EXERCISE PROMPT: Restate the data below word for word, omitting pictures.

MATERIAL PROVIDED:
::::::
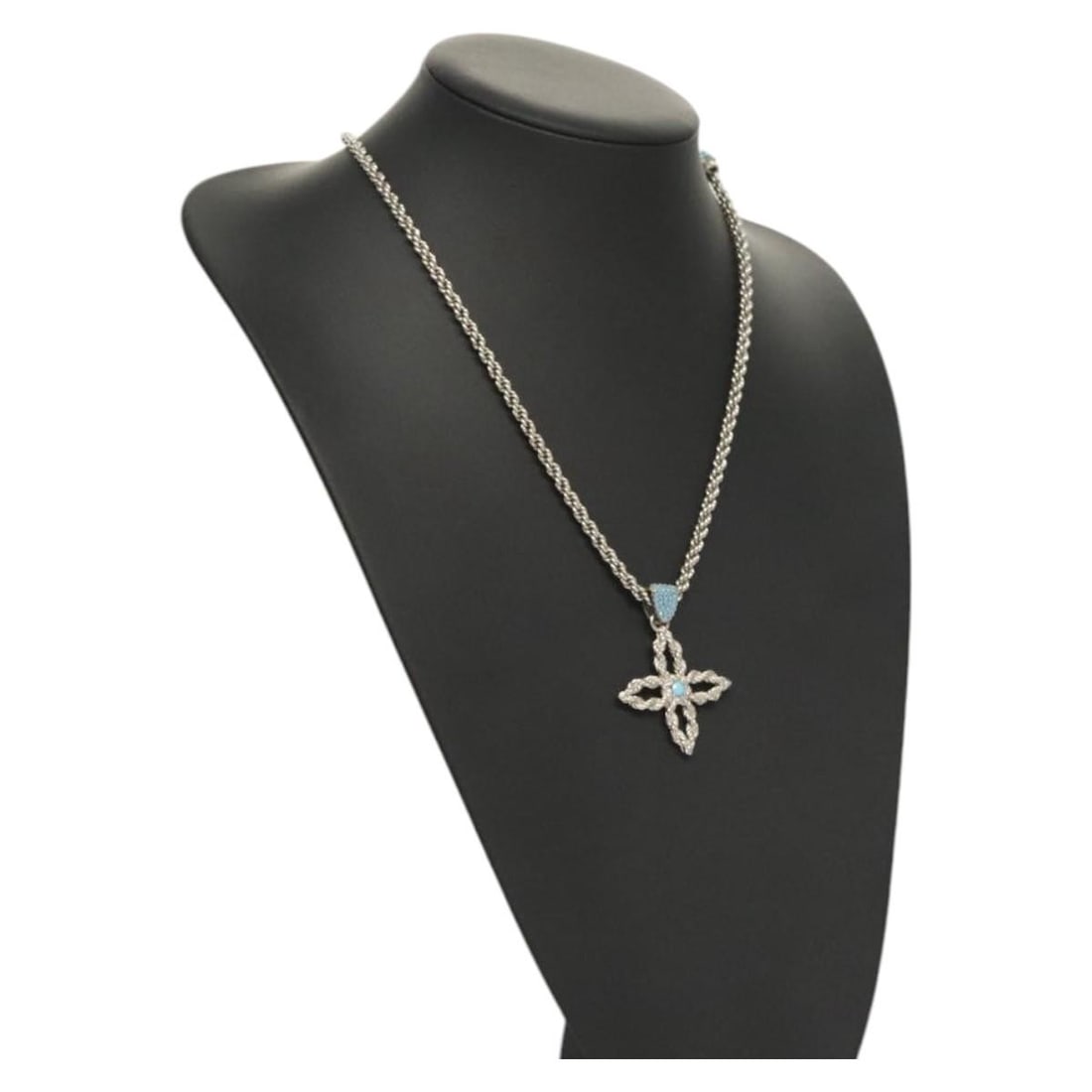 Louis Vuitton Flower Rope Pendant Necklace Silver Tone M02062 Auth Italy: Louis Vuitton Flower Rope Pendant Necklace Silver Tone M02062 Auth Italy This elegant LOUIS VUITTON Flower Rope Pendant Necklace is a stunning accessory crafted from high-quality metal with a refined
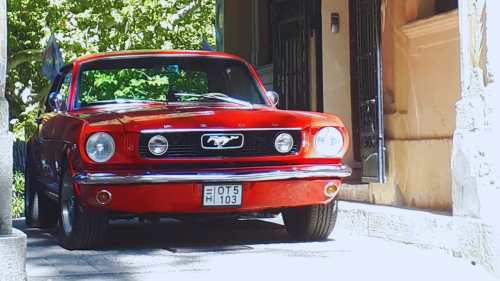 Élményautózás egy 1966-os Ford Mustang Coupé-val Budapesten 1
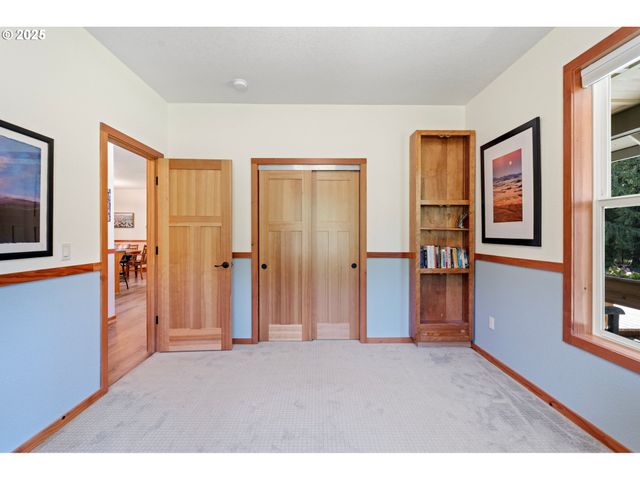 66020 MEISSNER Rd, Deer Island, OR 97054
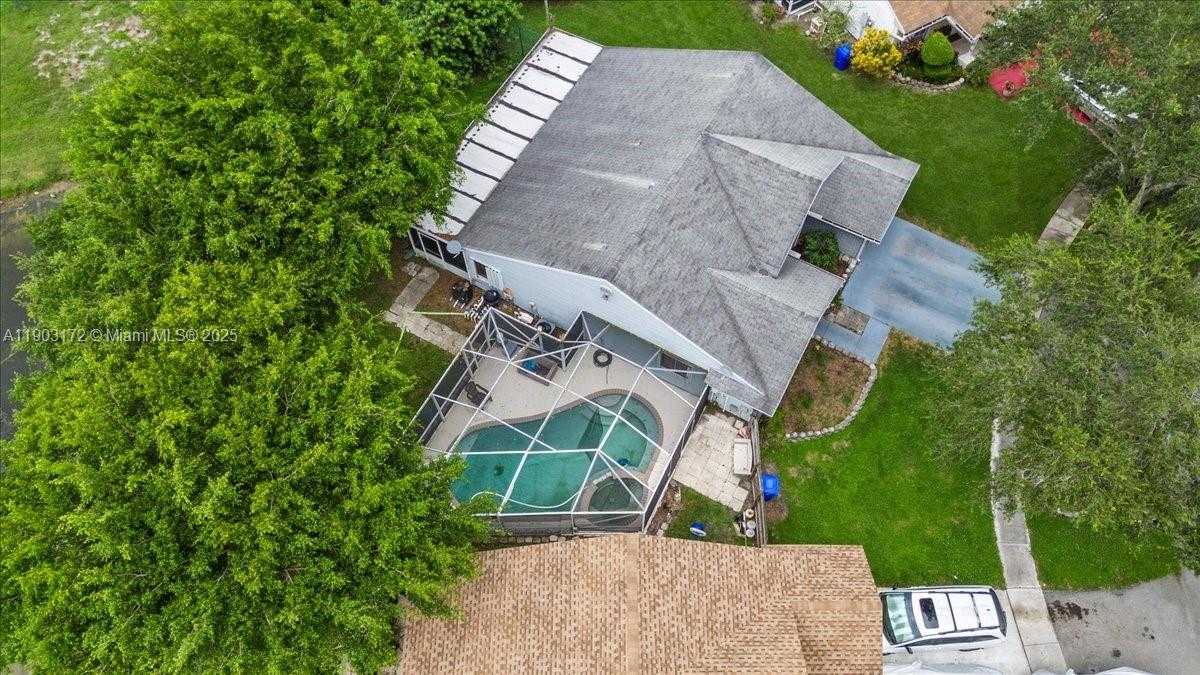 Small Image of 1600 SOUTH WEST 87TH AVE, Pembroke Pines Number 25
::::::
EXERCISE ANSWER:
 Louis Vuitton Flower Rope Pendant Necklace Silver Tone M02062 Auth Italy: Louis Vuitton Flower Rope Pendant Necklace Silver Tone M02062 Auth Italy This elegant LOUIS VUITTON Flower Rope Pendant Necklace is a stunning accessory crafted from high-quality metal with a refined
 Élményautózás egy 1966-os Ford Mustang Coupé-val Budapesten 1
 66020 MEISSNER Rd, Deer Island, OR 97054
 Small Image of 1600 SOUTH WEST 87TH AVE, Pembroke Pines Number 25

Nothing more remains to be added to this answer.